What about sous vide vegetables?

In the Sous Vide Recipes Forum
Has anyone done much with them?

Keller says that with the exception of green vegetables, sous vide is brilliant. However I read elsewhere in an article that calabrese (aka broccoli) is excellent. So I'm trying out a bag of these cooked together for an hour at 82°C to go with my sous vide rump steak (8 hours at 53°C) today. Very lightly salted, and with about 15 gms of unsalted butter in the bag.

If anyone else has tried sous vide cooking of vegetables this might be a good thread to talk about it.


11 Replies So Far

I love doing endive sous vide. Halve the endive and put in bag with olive oil, salt, sugar, and a few sprigs of thyme.
I've just started experimenting with vegetables in the sous vide. Here's what I've tried so far:

carrots
green beans
sweet potato
asparagus
corn on the cob

I didn't add any seasoning or oil in the pouches just so that I could see how the flavors would turn out. Pretty much all of them turned out excellent and very flavorful. The asparagus turned out a bit soft and had a dull green color, but overall still tasted good.
Well,

To be honest, we were a bit disappointed. We were just going to do the broccoli spears, but I remembered we had some lovely young carrots, so we scraped 4 of those, roll cut them and added them to the bag. We had a lot of trouble keeping the temperature about right on top of the stove (the steak was in my proper water bath) but probable were able to maintain 81° to 84°C for the whole time. In the event I gave it 1¼ hours. The vegetables were only JUST edible, being hardly even al dente.
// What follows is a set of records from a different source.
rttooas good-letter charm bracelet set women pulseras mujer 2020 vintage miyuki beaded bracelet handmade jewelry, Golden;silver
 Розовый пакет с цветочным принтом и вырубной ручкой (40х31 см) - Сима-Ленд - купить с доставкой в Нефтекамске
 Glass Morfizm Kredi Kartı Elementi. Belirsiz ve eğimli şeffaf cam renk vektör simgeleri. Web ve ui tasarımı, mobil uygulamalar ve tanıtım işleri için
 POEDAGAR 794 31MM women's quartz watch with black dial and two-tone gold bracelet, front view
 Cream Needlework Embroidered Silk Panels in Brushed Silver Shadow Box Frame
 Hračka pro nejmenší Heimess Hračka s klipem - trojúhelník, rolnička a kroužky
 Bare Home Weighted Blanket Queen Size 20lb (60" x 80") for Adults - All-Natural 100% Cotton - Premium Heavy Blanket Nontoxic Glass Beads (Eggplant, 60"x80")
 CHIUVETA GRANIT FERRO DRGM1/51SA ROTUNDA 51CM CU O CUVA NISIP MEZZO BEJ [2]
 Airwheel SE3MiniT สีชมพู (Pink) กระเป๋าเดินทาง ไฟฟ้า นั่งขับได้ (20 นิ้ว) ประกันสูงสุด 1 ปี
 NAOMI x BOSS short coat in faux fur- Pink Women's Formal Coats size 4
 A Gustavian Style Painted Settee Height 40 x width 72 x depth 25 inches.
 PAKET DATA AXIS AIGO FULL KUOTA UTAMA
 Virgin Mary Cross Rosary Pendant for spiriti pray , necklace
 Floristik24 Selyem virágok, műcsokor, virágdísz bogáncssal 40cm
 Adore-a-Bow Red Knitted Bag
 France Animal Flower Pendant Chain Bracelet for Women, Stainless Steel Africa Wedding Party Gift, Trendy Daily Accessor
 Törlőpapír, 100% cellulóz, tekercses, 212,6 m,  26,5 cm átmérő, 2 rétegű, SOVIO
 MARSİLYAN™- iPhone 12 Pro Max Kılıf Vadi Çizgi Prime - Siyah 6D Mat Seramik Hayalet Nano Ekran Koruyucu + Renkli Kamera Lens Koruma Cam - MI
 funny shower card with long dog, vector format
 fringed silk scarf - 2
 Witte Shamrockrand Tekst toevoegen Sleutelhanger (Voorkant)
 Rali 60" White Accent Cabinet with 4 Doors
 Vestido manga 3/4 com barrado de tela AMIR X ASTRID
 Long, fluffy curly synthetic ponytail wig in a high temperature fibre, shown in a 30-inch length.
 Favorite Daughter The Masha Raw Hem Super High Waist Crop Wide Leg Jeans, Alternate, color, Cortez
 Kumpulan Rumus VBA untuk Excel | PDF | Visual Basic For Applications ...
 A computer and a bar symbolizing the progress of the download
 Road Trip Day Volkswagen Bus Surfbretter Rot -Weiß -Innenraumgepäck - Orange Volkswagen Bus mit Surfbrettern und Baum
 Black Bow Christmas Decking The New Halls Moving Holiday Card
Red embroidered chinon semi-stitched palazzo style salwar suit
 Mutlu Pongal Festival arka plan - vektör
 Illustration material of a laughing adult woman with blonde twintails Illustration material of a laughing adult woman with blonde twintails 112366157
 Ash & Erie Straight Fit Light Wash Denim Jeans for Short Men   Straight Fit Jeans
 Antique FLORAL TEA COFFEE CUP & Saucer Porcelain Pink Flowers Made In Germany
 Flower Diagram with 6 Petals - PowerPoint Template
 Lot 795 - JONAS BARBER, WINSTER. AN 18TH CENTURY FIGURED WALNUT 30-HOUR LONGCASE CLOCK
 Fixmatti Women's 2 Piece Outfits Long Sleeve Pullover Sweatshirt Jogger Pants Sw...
I think an hour and a half at 85° might have been better. The flavour of the broccoli was OK, though hardly anything to write home about. We reckon that cooking the carrots in a little chicken stock in the microwave gives a better flavour than using sous-vide.

We will try again with carrots, though, because it could be very useful as a way of separating the moment of cooking from serving and eating them.

The steak was good, but perhaps less tender than I expected. It was also cooked to what I'd call medium, despite setting the 'stat for 53°C


Bert & Johnny, did either of you note time and/or temperature for your vegetables, by any chance?
I've cooked all vegetables at 85°C (185°F) for around 35-50 minutes, with exception to sweet potatoes at 80°C (175°F). This was all done in my Sousvide Supreme Demi oven.
Aside from the convenience, IMO vegetables are neither special nor worth the effort. Flavourwise, seems much the same as conventional. I've had similar issues with texture and think at 'recommended' times and temps they are for too firm for my liking.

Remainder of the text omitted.